Whew! The LUCE is finally approved. After six years of well-attended community meetings, single-minded focus by dedicated planning staff, and beaucoup bucks spent on consultants, the City Council approved Santa Monica’s Land Use and Circulation Elements (LUCE). LUCE’s two respective parts are key elements of the General Plan for Santa Monica and are the documents that will guide decisions on development and traffic management in Santa Monica for the next two decades.

Santa Monicans repeatedly spoke out at community meetings stating that traffic congestion was an overwhelming concern. The LUCE identifies bicycling as an efficient and sustainable alternative to the car and describes programs and actions that will make it easy and safe for everyone, of all ages and fitness levels, to get around town on a bike. Santa Monica is being designed to become a noted “Bicycle City.”

At this point you may be asking, “How can we control traffic that is mostly generated outside Santa Monica by riding bicycles?” This pessimism rears its ugly head in the LUCE, “Even if the City were to halt all new development over the next 20 years, the local automobile circulation system would continue to deteriorate at a steady pace due to continued growth outside Santa Monica’s borders.” We can’t control development or traffic outside the City, but we can make Santa Monica an even greater place to live, work and visit by thinking about the future differently.

The policies in the LUCE invite us to imagine a time when people who drive to Santa Monica, whether to go to the beach, or Palisades Park, or to events like GLOW, are directed to parking and then are greeted with safe, attractive opportunities to get around the city on bicycles.

Several hundred thousand people come to Santa Monica on hot summer weekends and even if only some of them take the bicycle alternative, there will be fewer cars driving through our neighborhoods to the beach, fewer cars at the pier, and fewer cars on Ocean Avenue. Fewer cars, more bicycles, and the same number of people. We know, when offered, it works. More than 1,000 bicycles were parked by the bicycle valets at the Green Apple Festival on the beach (See photo).

Now imagine people who come here for their jobs being able to park in the employee parking areas and having bicycles available to them, or being able to store their own bicycles conveniently. They could bike to lunch, or to a meeting, or as their daily exercise. The City is currently looking at Davis, CA and Copenhagen, Denmark, which are two successful bicycle cities where 14 percent and 35 percent, respectively, of work trips are by bicycle.

Or think of the Expo line, scheduled to open in 2015. Expo riders, whether coming to Santa Monica for work or pleasure would find that they could pick up a bicycle at the Expo Station. From there it will be an easy ride, down (the redesigned for walking and bicycling) Colorado Boulevard to the new Civic Center Parks, to shopping, and restaurants, or to the beach and the pier.
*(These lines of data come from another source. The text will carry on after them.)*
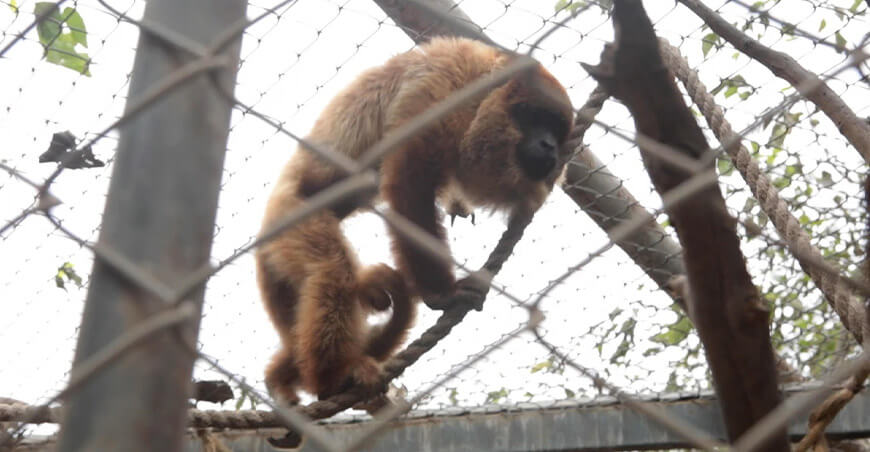 Serfor rescató 69 monos mantenidos como mascotas en viviendas de Lima Perú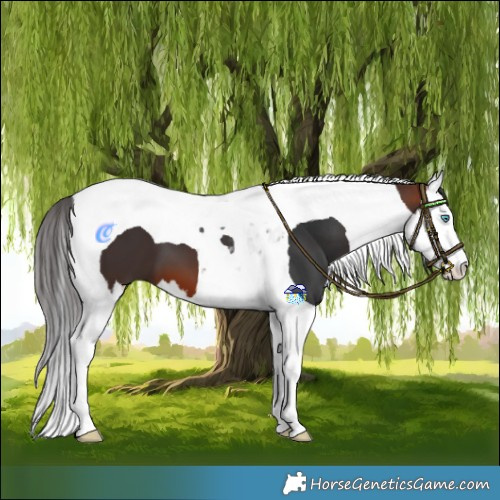 Horse Color:Bay Splash Tobiano 
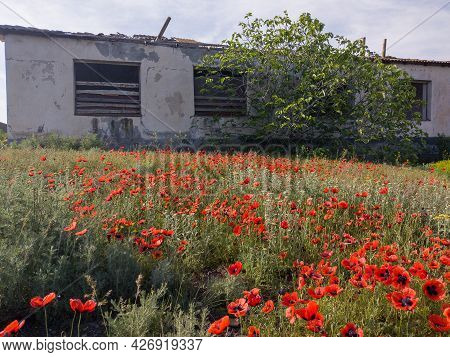 Spring Hiking In Georgia Kahetia Region In Nature Of Fields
The idea is to have a public bicycle rental program with easily available and affordable bicycles and a network of drop-off and pick-up locations throughout the community. In order to make bicycling safer and more efficient, there will be a newly designated and interconnected grid of ‘bicycle pathways’ including streets dedicated to bicycles, streets where bicycles have priority, and streets where bicycles and cars are made equal by speed limits and other new regulations.

Benefits include lessening traffic congestion, having a healthier life style, having more fun, and a valuable reduction in the current greenhouse gas emissions levels produced by car traffic in Santa Monica. Again, the LUCE, “Achieving a 30 percent reduction in overall Vehicle Miles Traveled (VMT) would reduce Santa Monica’s greenhouse gas (GHG) emissions by at least eight percent — far more than everything else the City can do, combined.”

Naming the bicycle “the most efficient form of urban transportation,” the LUCE states, “bicycling is ideal in Santa Monica’s mild climate and gentle terrain. Many trips in Santa Monica can be made more quickly on bicycle than in transit or by car. Riding a bicycle around town protects the environment, improves public health, eases congestion, and reduces air pollution and noise pollution. Bicycles are a tried and tested, simple, cheap, and zero- emission technology.”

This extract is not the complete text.